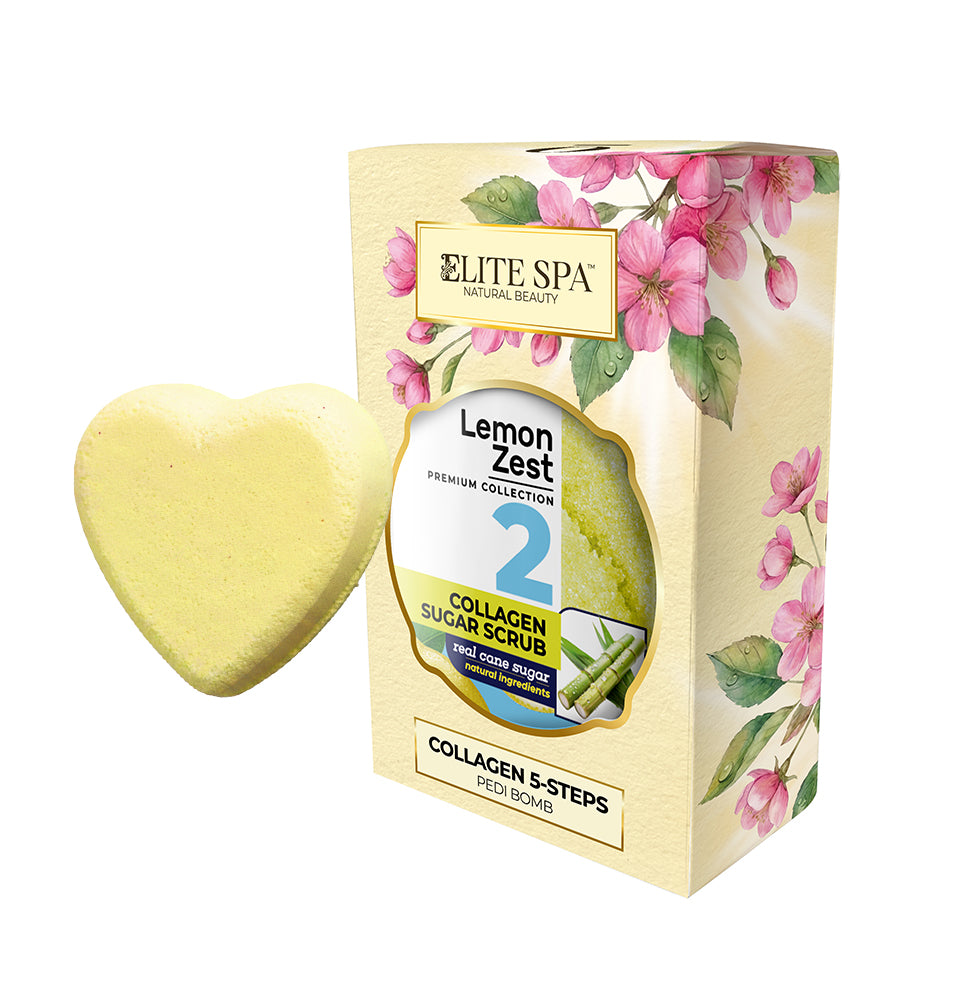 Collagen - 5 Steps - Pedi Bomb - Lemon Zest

········

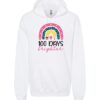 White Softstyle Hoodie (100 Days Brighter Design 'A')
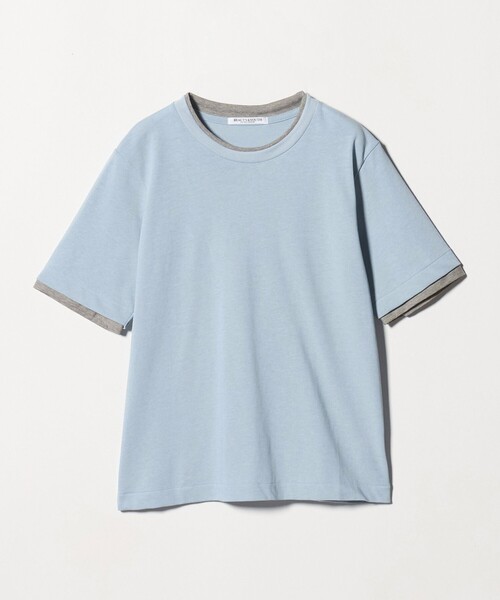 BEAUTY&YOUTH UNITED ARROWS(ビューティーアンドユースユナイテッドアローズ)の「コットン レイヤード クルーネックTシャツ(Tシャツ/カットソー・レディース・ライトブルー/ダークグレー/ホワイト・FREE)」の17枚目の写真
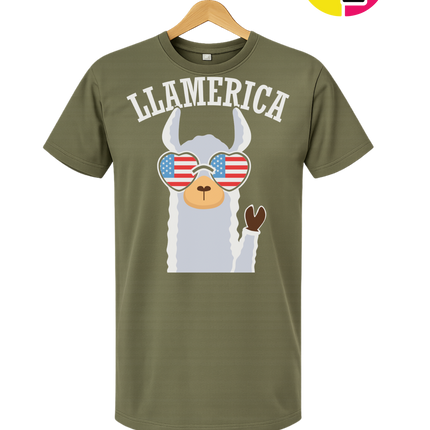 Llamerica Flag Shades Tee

········

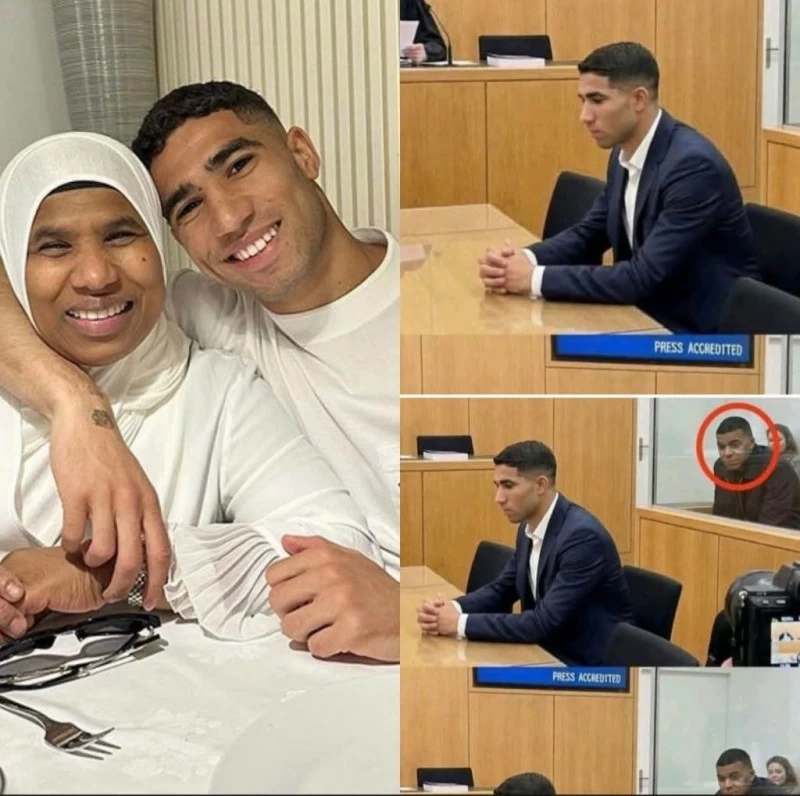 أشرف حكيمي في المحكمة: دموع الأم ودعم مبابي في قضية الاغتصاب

········

▶ **Exercise prompt**
Using the data above, output the line that has "White Softstyle Hoodie", the line that has "Llamerica Flag Shades Tee", and whatever lines fall between, each exactly as it stands and without pictures.

▶ **Output for this exercise**
 White Softstyle Hoodie (100 Days Brighter Design 'A')
 BEAUTY&YOUTH UNITED ARROWS(ビューティーアンドユースユナイテッドアローズ)の「コットン レイヤード クルーネックTシャツ(Tシャツ/カットソー・レディース・ライトブルー/ダークグレー/ホワイト・FREE)」の17枚目の写真
 Llamerica Flag Shades Tee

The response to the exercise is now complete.